Action item: Among the lines below, output only those between the line holding "Cow Catch Em" and the line holding "2025Ÿ��15749 �泲 ���걺", inclusive, exactly as written and with no pictures.

Input data:
■ ■ ■ ■ ■

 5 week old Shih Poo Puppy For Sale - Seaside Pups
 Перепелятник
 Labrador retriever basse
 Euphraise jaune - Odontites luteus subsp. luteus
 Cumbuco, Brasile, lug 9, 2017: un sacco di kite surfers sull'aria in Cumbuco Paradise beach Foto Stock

■ ■ ■ ■ ■

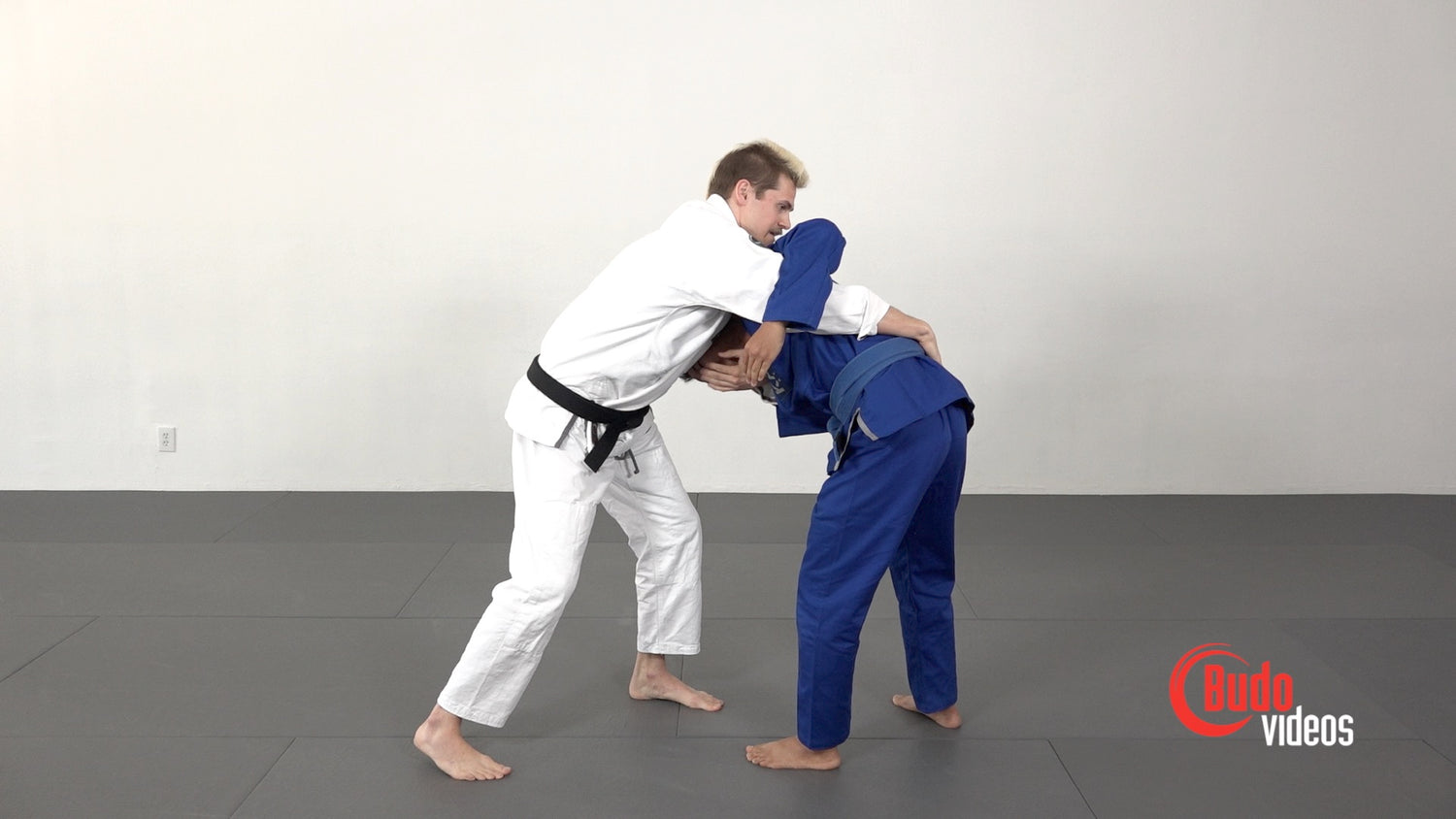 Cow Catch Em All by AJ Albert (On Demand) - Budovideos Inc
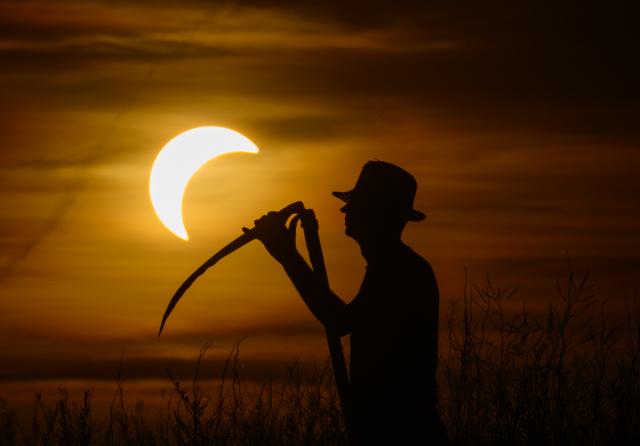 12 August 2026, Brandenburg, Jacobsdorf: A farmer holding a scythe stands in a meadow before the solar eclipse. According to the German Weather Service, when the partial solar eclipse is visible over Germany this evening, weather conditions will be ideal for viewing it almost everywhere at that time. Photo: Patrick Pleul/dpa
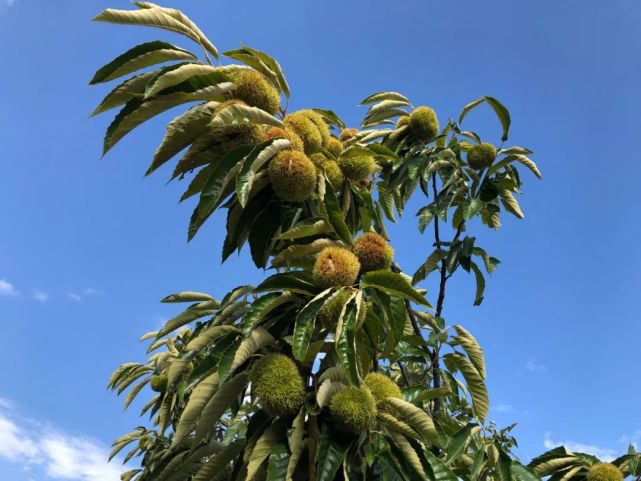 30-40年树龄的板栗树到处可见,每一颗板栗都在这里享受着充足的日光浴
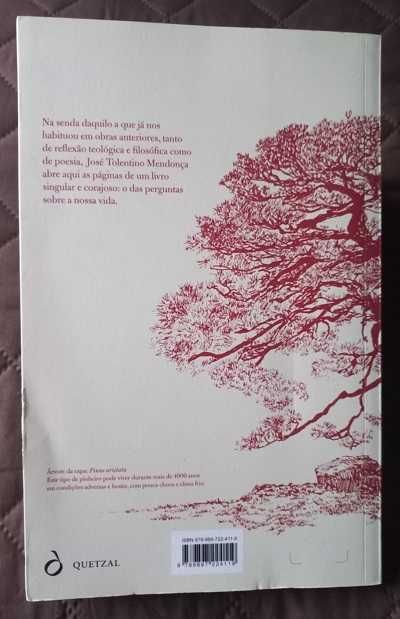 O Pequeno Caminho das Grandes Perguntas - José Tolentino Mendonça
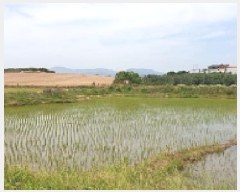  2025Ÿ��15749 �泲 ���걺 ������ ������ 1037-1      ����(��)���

■ ■ ■ ■ ■

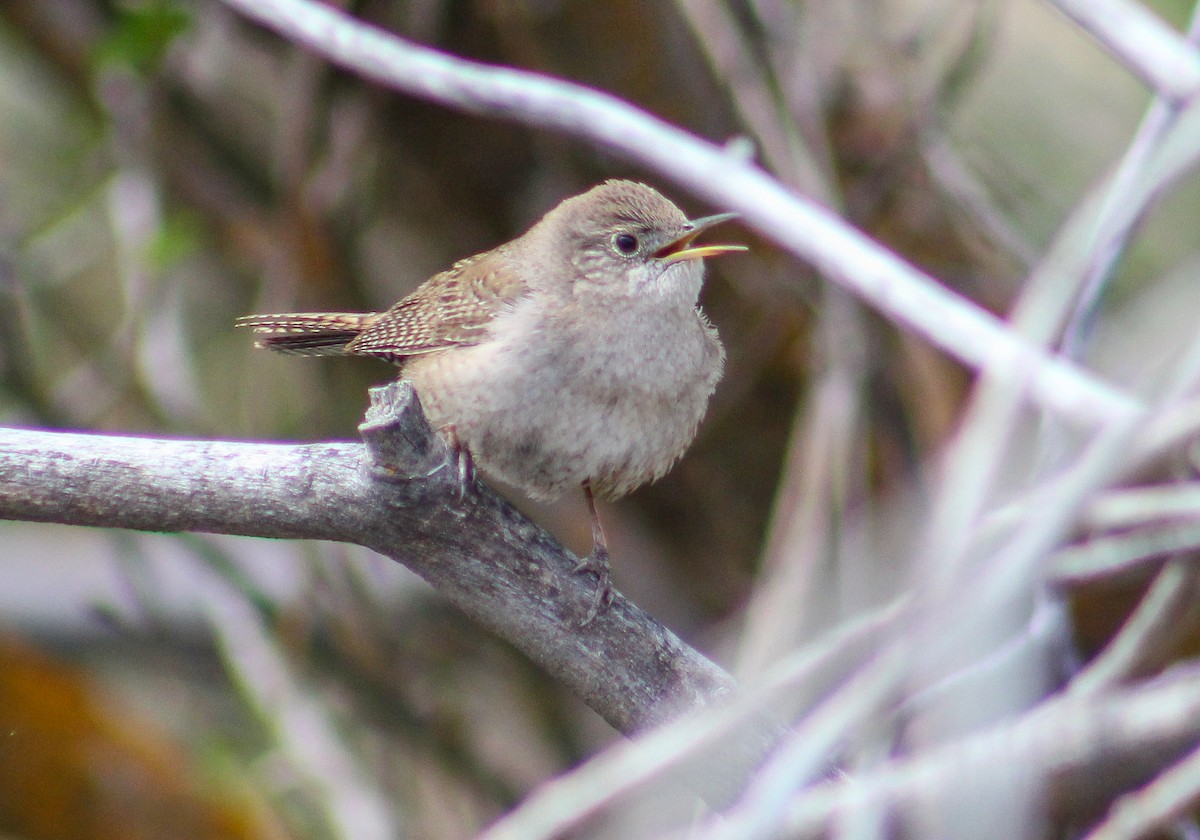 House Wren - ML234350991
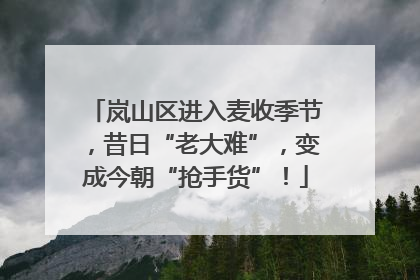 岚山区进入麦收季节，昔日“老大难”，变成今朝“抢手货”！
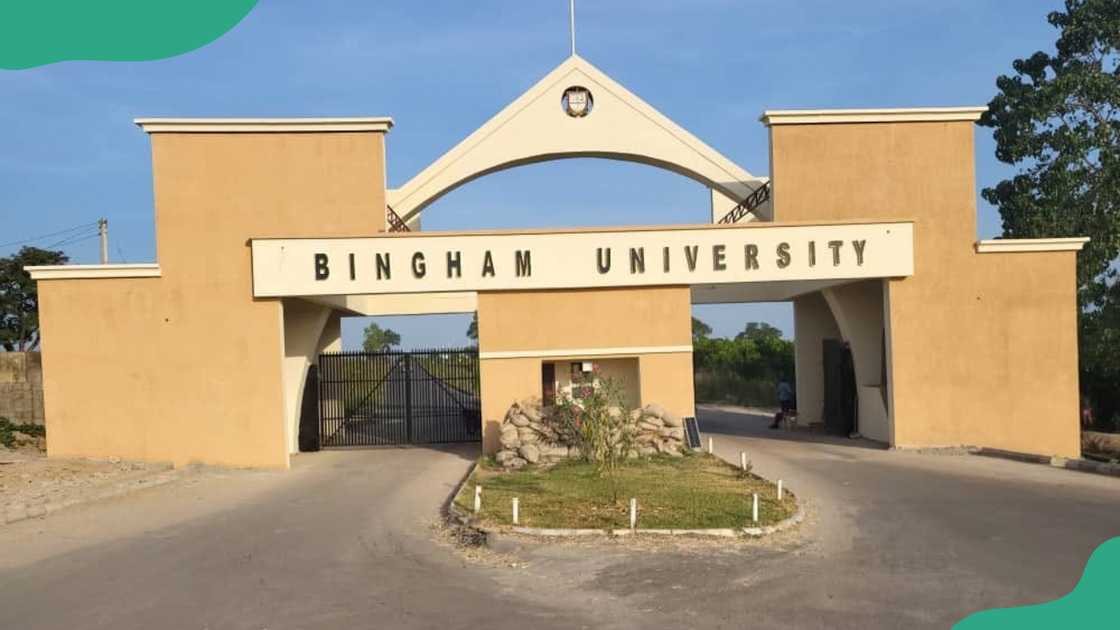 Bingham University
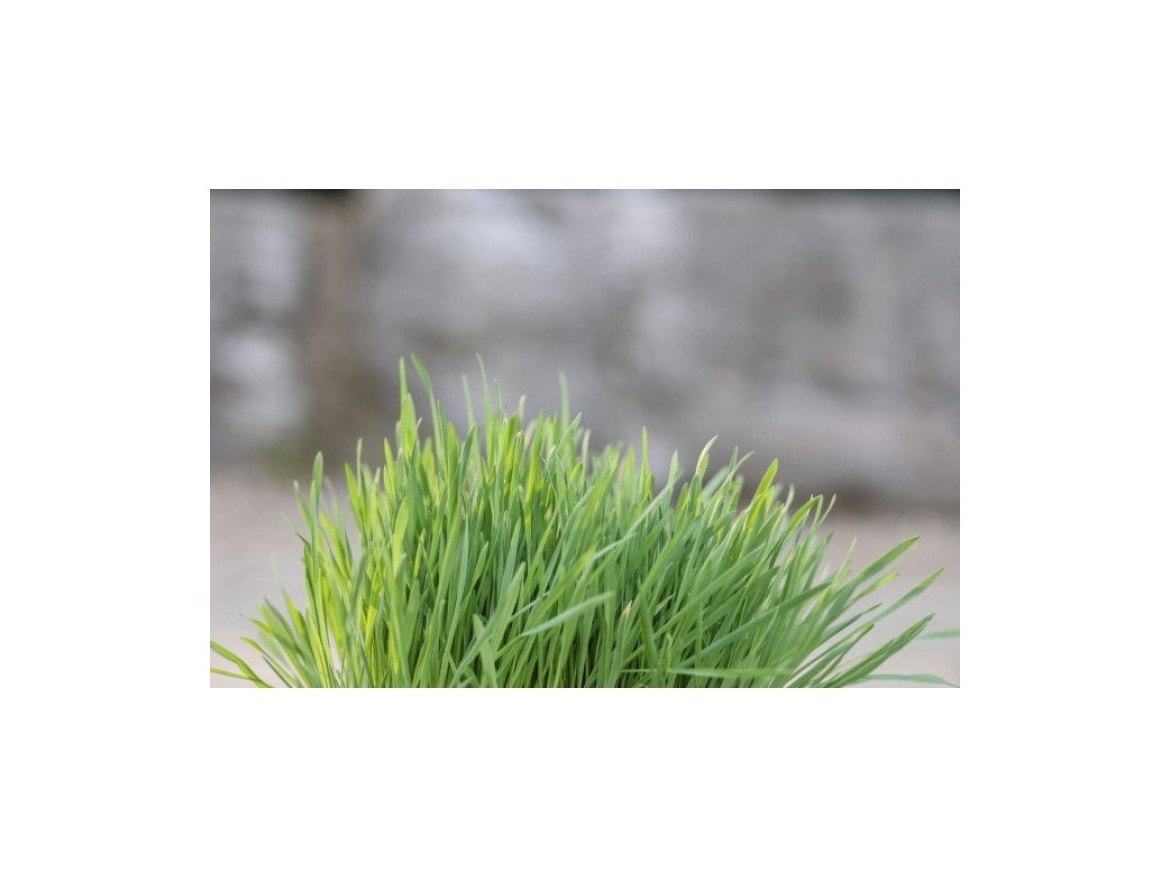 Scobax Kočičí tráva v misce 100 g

■ ■ ■ ■ ■

Task output:
 Cow Catch Em All by AJ Albert (On Demand) - Budovideos Inc
 12 August 2026, Brandenburg, Jacobsdorf: A farmer holding a scythe stands in a meadow before the solar eclipse. According to the German Weather Service, when the partial solar eclipse is visible over Germany this evening, weather conditions will be ideal for viewing it almost everywhere at that time. Photo: Patrick Pleul/dpa
 30-40年树龄的板栗树到处可见,每一颗板栗都在这里享受着充足的日光浴
 O Pequeno Caminho das Grandes Perguntas - José Tolentino Mendonça
  2025Ÿ��15749 �泲 ���걺 ������ ������ 1037-1      ����(��)���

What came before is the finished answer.